1Directeur scientifique du patrimoine de la Cinémathèque française, où il dirige le Conservatoire des techniques cinématographiques, Laurent Mannoni a réalisé plusieurs expositions sur le thème de la naissance du cinéma et publié de nombreux ouvrages à ce sujet [1]. La dernière exposition, intitulée Lanterne magique et film peint. 400 ans de cinéma, s’est tenue du 14 octobre 2009 au 28 mars 2010 à la Cinémathèque française et l’ouvrage homonyme, coécrit avec Donata Pesenti Campagnoni, a été publié aux éditions de La Martinière. Laurent Mannoni revient ici sur cette technique pluricentenaire et sur ses effets esthétiques et spectaculaires (propos recueillis à Paris, le 28 décembre 2010).
2Thierry Lefebvre : La lanterne dite « magique » est une invention du xviie siècle. Peut-on dater précisément sa naissance ?

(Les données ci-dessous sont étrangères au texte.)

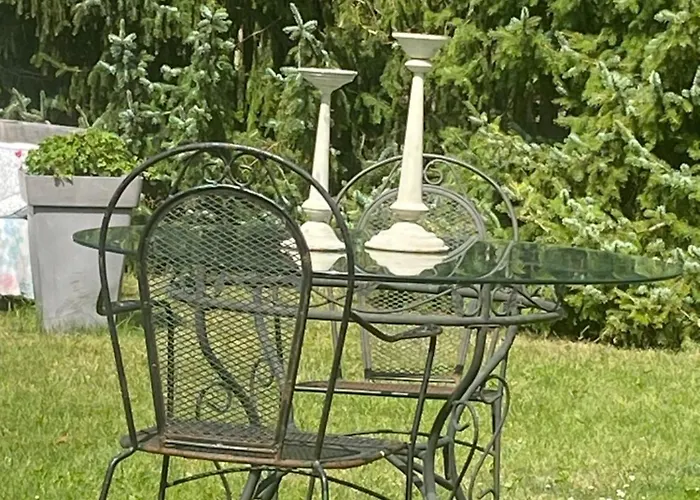 L'hirondelle Du Faubourg Alloggio in famiglia *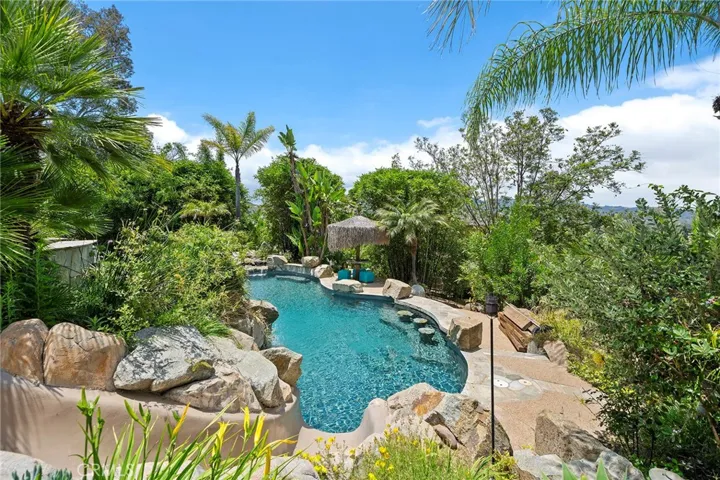 1898 Mountain Valley, Escondido, California 92029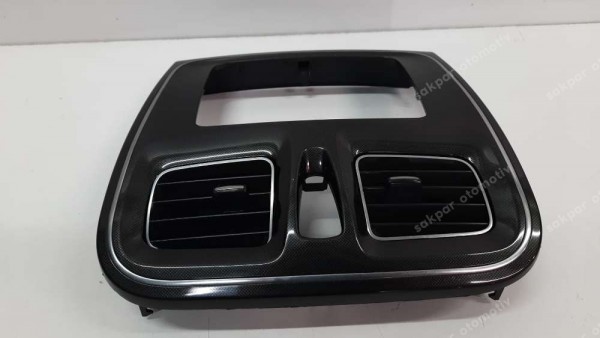 Renault Symbol Teyp Çerçevesi Havalandırma Izgaraları 682600997R SP(DA-116)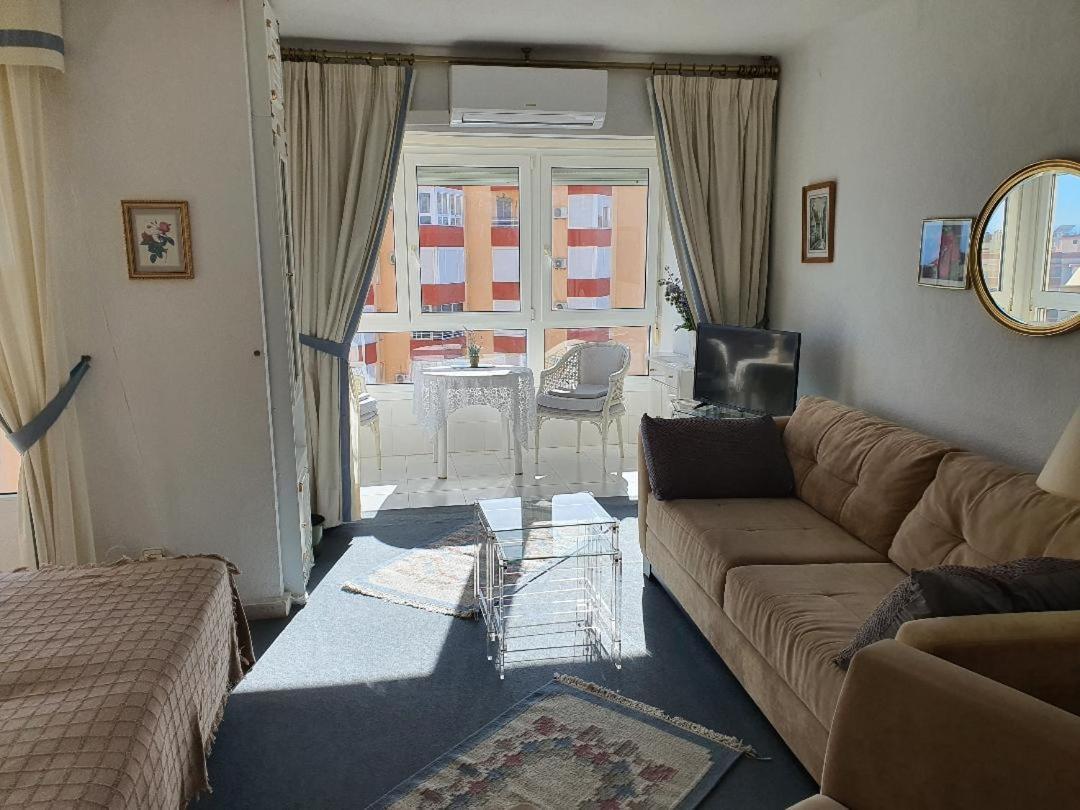 Luxury Studio Apartment 2 Night Minimum Stay Until June 31St!! Torrox Bagian luar foto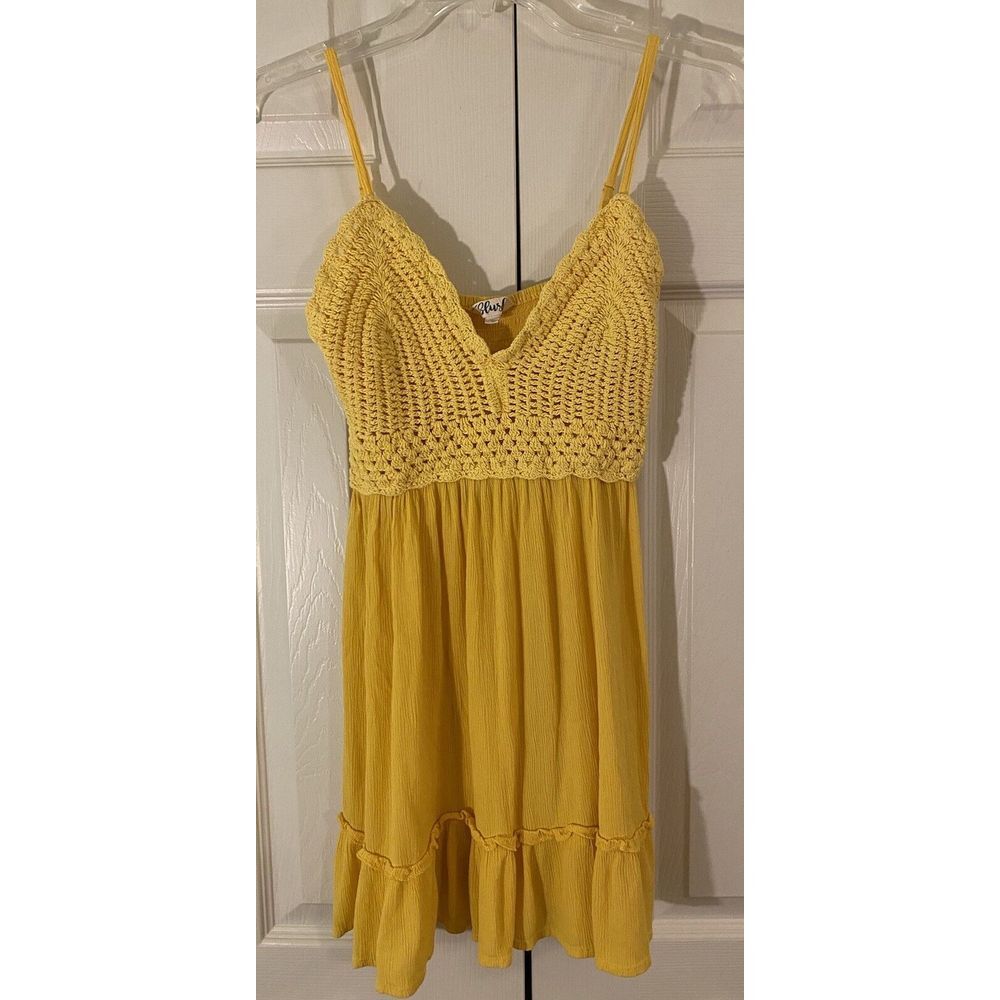 Hint Of Blush Baby‎ Doll Mini Dress Size Small Sleeveless Crochet Top Flowy Boho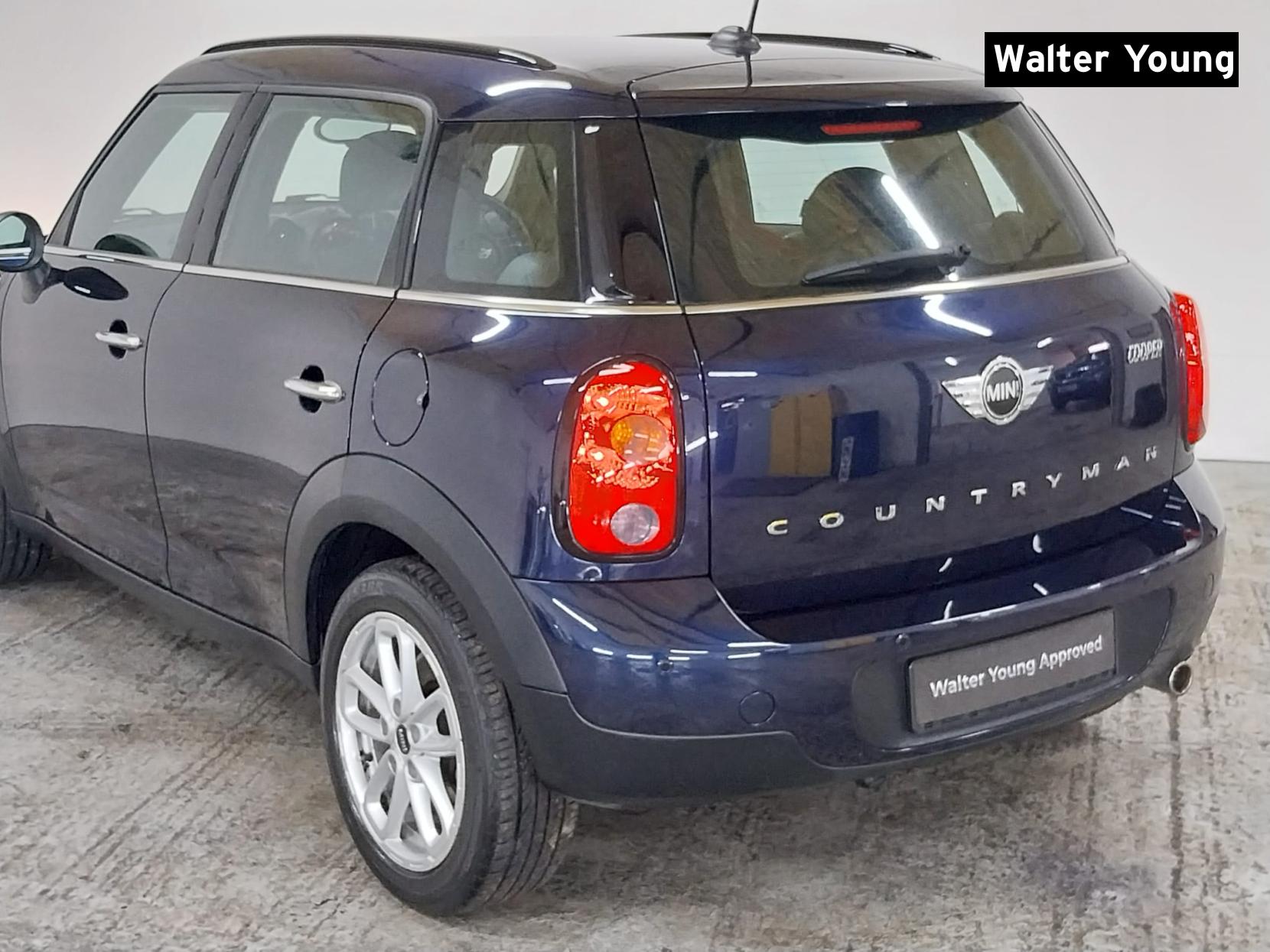 MINI Countryman 1.6 Cooper D Business Edition SUV 5dr Diesel Manual Euro 5 (s/s) (112 ps)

3Laurent Mannoni : Elle a été mise au point, ou en tout cas révélée et propagée, par un astronome hollandais, Christiaan Huygens (1629-1695). Il l’utilise pour la première fois en 1659 devant sa famille et choisit de projeter un squelette animé, grâce à une plaque de verre peinte à la main et mécanisée. Immédiatement conscient de ses effets spectaculaires, il la baptise « lanterne de peur ». Pour un protestant et scientifique rigoriste comme Huygens, ces applications de l’instrument posent problème : la lanterne est certes digne d’intérêt scientifique, il compte même l’inclure dans son ouvrage sur la dioptrique mais, dans le même temps, il a du mal à accepter l’idée que cet appareil puisse avoir des usages récréatifs. Lorsque son père, qui est poète, lui demande l’autorisation de se servir de la lanterne afin de donner un spectacle à la cour du Louvre, devant Louis XIV, Christian Huygens prétexte avoir perdu le secret : il a peur que son nom reste lié à la machine.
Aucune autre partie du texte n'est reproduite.